The answer is to be the lines below that lie between the line holding "Maile Thong Metallic Sandals In Gold" and the line holding "Raptors guard Jose", inclusive, transcribed exactly and free of pictures.

▶ _Provided records_:
☆ ☆ ☆ ☆ ☆

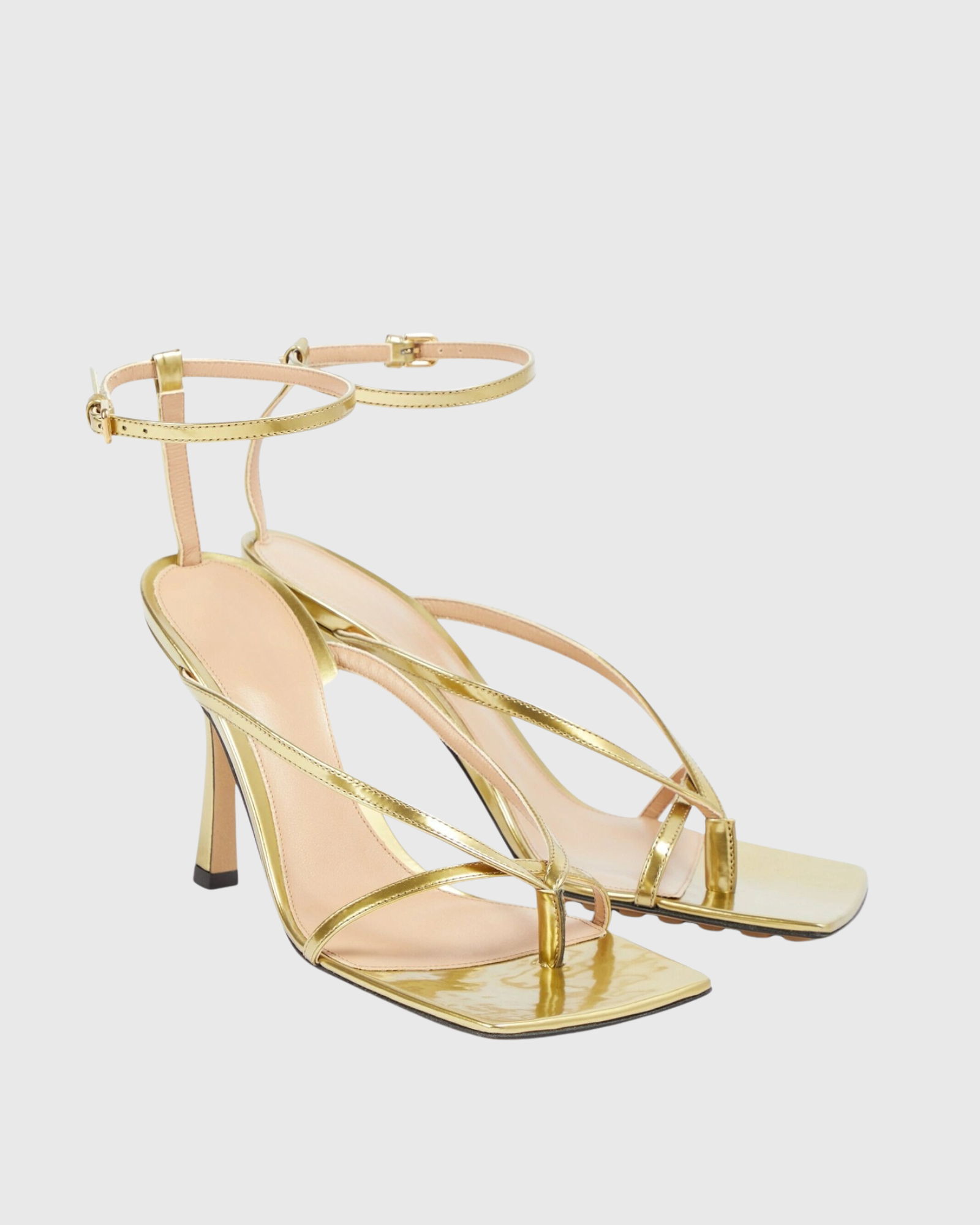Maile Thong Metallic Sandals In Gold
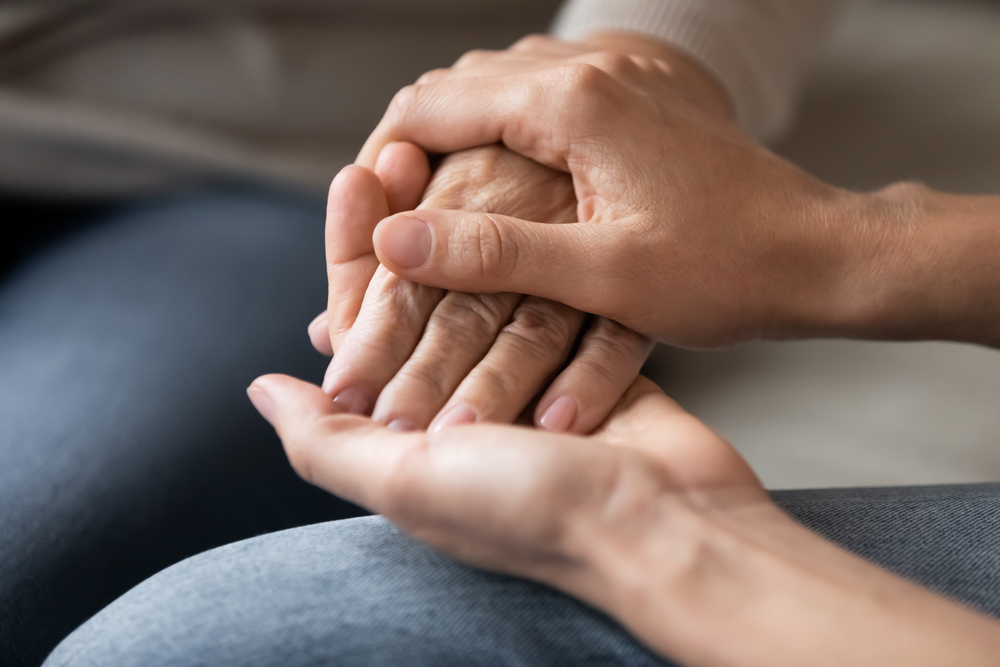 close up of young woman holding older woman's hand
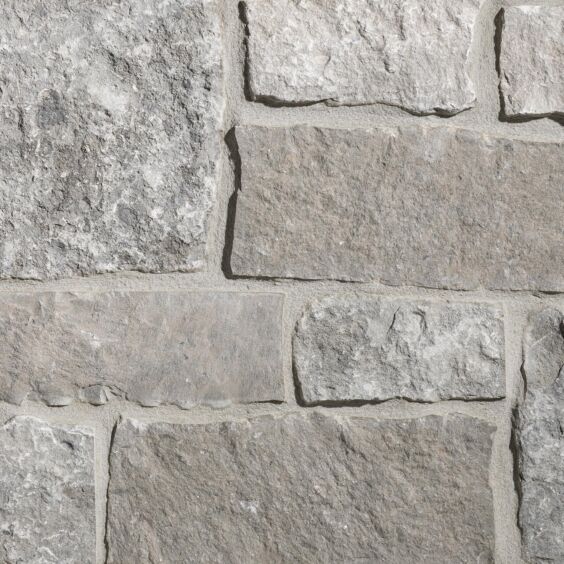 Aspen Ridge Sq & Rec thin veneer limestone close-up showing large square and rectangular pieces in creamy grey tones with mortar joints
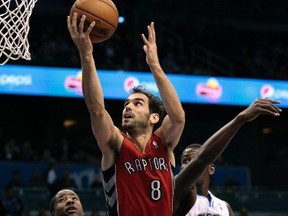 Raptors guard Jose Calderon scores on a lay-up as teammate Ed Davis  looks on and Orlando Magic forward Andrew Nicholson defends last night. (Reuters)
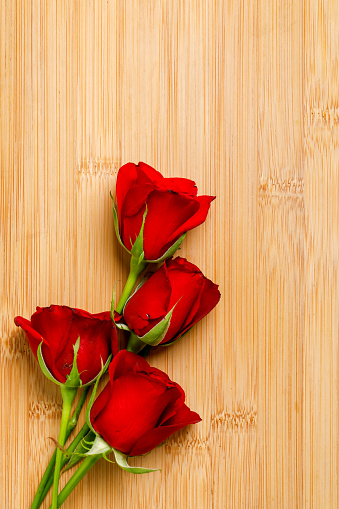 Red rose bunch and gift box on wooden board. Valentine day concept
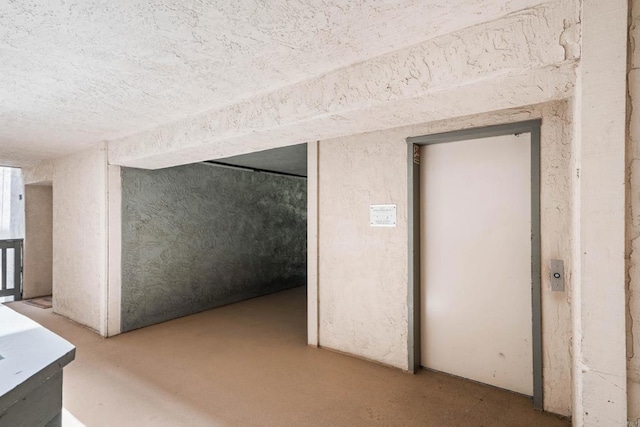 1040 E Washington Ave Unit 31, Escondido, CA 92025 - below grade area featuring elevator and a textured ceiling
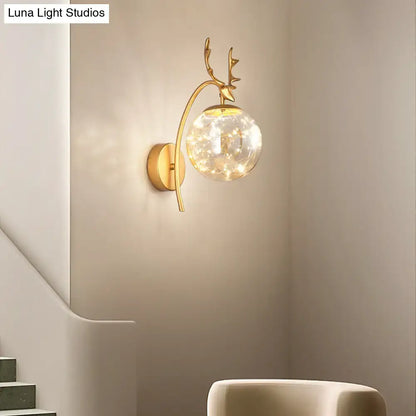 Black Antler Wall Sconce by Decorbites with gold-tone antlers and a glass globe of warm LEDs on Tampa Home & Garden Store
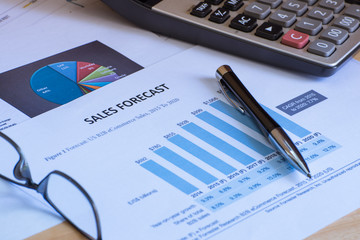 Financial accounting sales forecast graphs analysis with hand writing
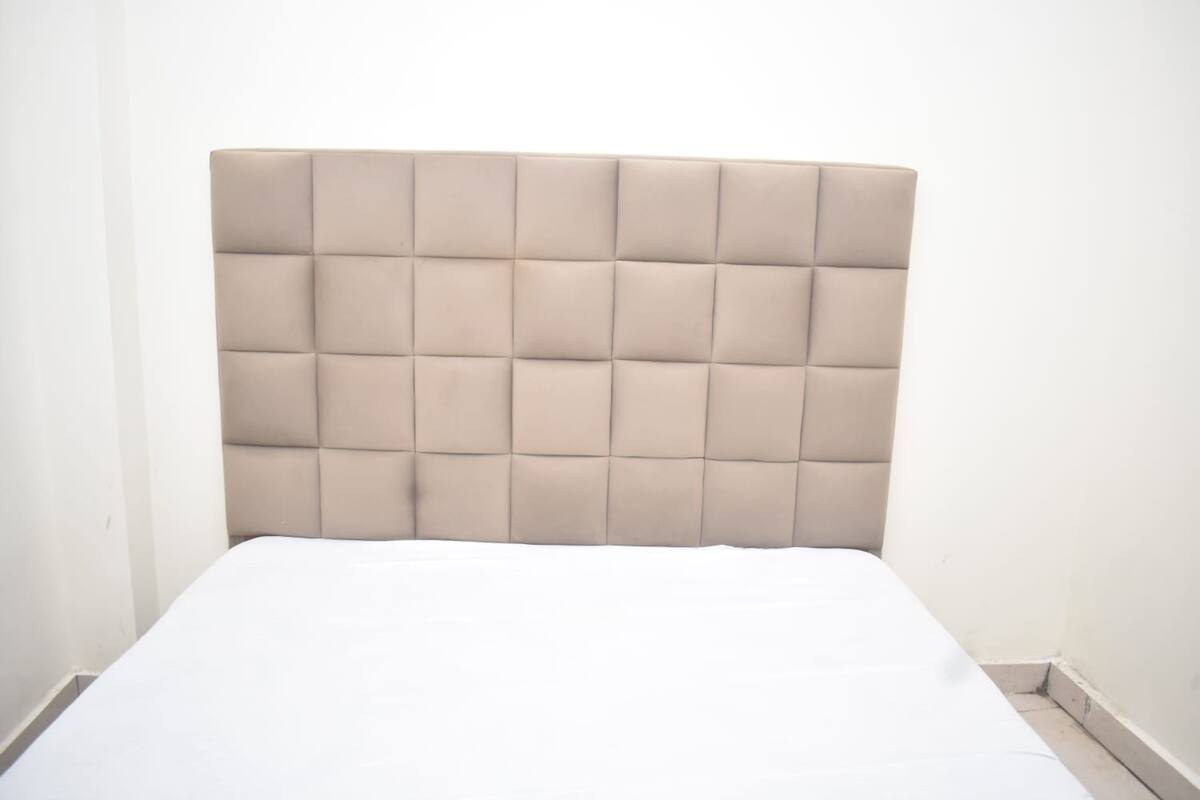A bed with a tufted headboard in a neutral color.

☆ ☆ ☆ ☆ ☆

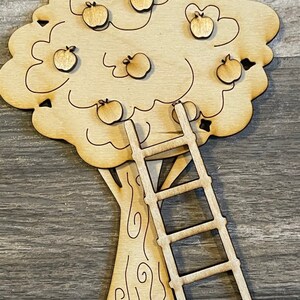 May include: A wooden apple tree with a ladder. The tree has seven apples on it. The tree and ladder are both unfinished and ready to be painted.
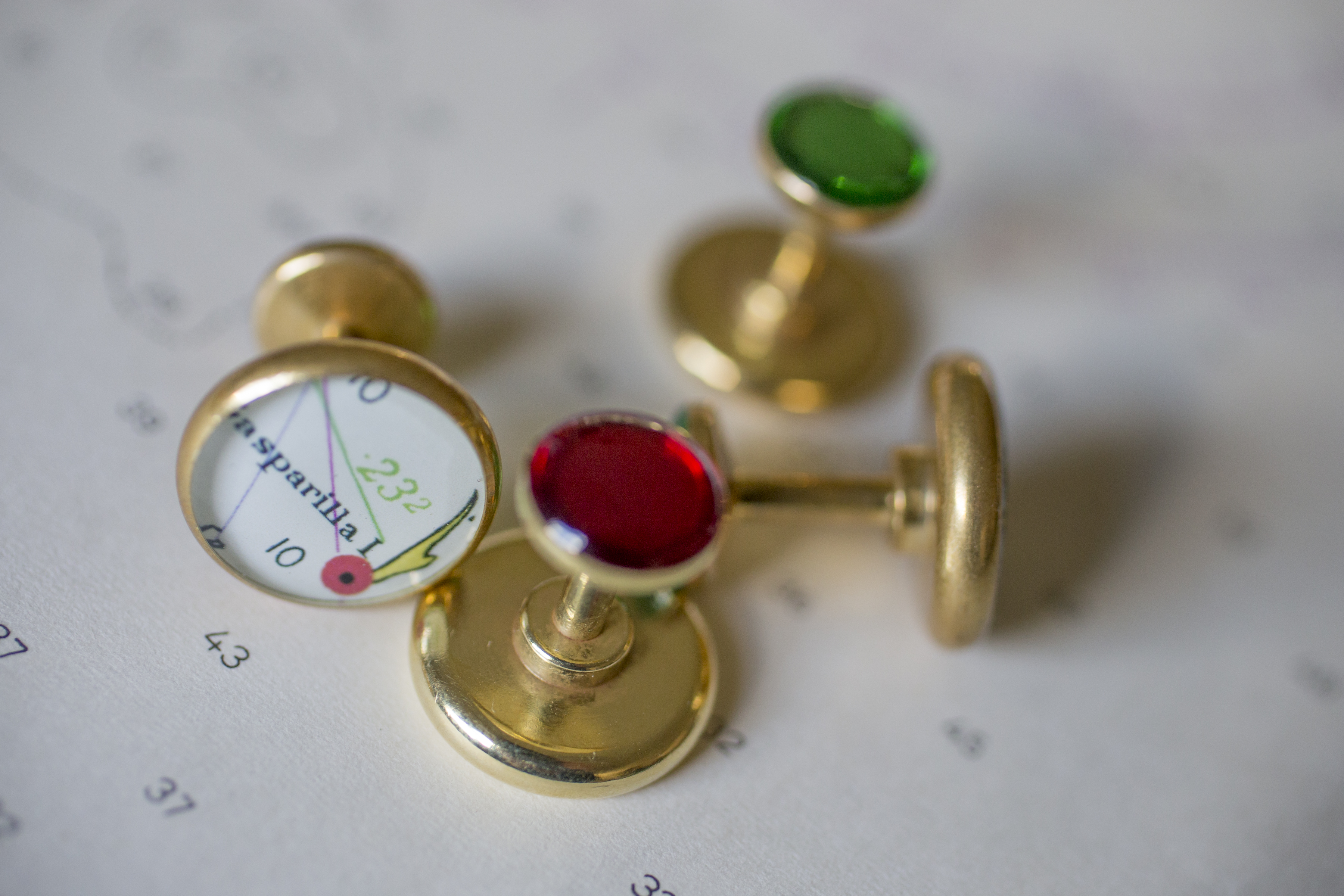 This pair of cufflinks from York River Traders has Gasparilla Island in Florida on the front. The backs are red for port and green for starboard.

☆ ☆ ☆ ☆ ☆

▶ _Result_:
Maile Thong Metallic Sandals In Gold
 close up of young woman holding older woman's hand
 Aspen Ridge Sq & Rec thin veneer limestone close-up showing large square and rectangular pieces in creamy grey tones with mortar joints
 Raptors guard Jose Calderon scores on a lay-up as teammate Ed Davis  looks on and Orlando Magic forward Andrew Nicholson defends last night. (Reuters)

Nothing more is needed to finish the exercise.